Ola Gjeilo is a Norwegian composer who has written over 70 works for solo piano and choir. Now based in the United States, his latest album, Dawn is a beautiful collection of solo piano pieces inspired by the peaceful light and stillness at dawn in Oregon and California. We caught up with Ola to discuss his musical background, his composing process, the works he's proudest of, and more.

Interview with Ola Gjeilo

Sheet Music ("S"): Firstly, could you tell us a little bit about how you started out in music?

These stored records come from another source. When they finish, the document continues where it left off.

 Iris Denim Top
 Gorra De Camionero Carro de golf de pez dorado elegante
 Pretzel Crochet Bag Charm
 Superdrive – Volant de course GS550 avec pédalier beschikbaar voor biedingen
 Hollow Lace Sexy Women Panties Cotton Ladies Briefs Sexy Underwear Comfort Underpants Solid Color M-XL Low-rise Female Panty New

Ola ("O"): So I started playing the piano when I was very little. Maybe four years old or so. And I just started sort of improvising, I think. I was sort of self-taught in the beginning, but there was always a lot of music in the house. When I grew up, my father would play records all the time from lots of different genres…classical, jazz, pop, folk music, anything really. So that was a big part of my musical education, kind of assimilating all that music that was playing in the house when I grew up. And then from there I just had private lessons in piano and stuff until I got to high school. And so I went to a music high school in Norway which is when I started more formal training. And from there I did two years at the Norwegian Academy of Music, and then eventually I transferred to Juilliard to study composition there, and moved to the states full-time after that. I spent two years in London where I finished my bachelor's degree at the Royal College of Music, and then I moved back to the states again and I have lived here ever since.

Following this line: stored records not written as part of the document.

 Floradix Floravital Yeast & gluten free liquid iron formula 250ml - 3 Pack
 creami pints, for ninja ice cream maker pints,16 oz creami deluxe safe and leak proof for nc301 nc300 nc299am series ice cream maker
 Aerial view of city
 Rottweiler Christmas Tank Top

S: Thank you for that. So, much of your early work was written for choir and orchestra. Can you tell us the reason behind your shift of focus to piano solo composition?

O: It's always been parallel really — those two areas have been my main two areas from almost the beginning, I would say. So, after I became a Decca Classics artist, we'd sort of toggle between the two. We'd do a choral album and then a piano album, and then choral album, and so on. But I love that sort of contrast between the two, between the very simple, intimate kind of thing with just solo piano, and then the much bigger sound with choir and and sometimes orchestra. So they've always been my two main areas I guess, but the piano has always been my instrument as a player, so I always come back to that in some way.

S: And what is the inspiration behind your latest album, Dawn? Can you give us a little peek behind the curtain of that album.

O: Sure, yeah, so Dawn is sort of a direct sequel to my previous piano album, which is called Night, and the style is pretty similar. Night is sort of peaceful piano music that is introvert in a way, but also very lyrical. And so I did sort of similar thing for Dawn, but I think slightly brighter, slightly more sunny, which makes sense with the title. The Night album was inspired very much by New York City, where I've lived most of my time in the US. And it's very dear to me. I've always been really inspired by New York City, especially at night - the skyline with all the lights and all, it's very powerful. But the Dawn album was more kind of inspired by the opposite side of the country, the West Coast. I was kind of traveling more or less for a year-ish on the West Coast, starting in Oregon and then eventually down in California. So, the music in Dawn is inspired by the dawn by the Pacific and the very unique kind of light that's so special out there.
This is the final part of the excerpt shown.